The words just blurt out of my mouth, product of the stupid awkwardness of the situation, shocking me just as much as they apparently shock him if his wide eyed appearance is anything to go by.

"What? No. No! Not…that's…No. Definitely not."

His face turns a cute shade of red. He looks adorably boy like in this moment.

And I feel like a complete moron.

"Sorry. That was…awkward. I guess I've been out of the society enough to lose my social graces."

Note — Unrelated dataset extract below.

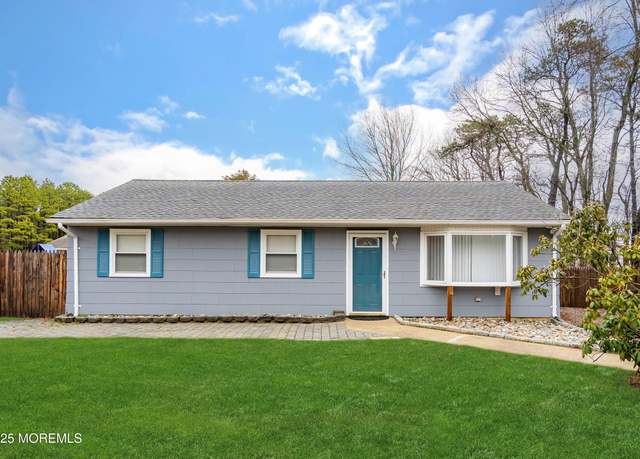 Property at 25 Twain Ave, Barnegat, NJ 08005, 3 beds, 1 bath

That's when I notice it. The ghost. It tries to go right through the guy and obviously unsuccessful tries again. It is moving so fast I really can't even make out whether it is male or female. It is just a blur of speed. Now why would a ghost do something as idiotic as that?

The guy shudders as the ghosts continues to go through him again and again. Doesn't it realize it can't actually physically harm him?

He rubs his arms as if trying to ward away some Goosebumps.

"Wow! This place feels kind of chilly all of a sudden."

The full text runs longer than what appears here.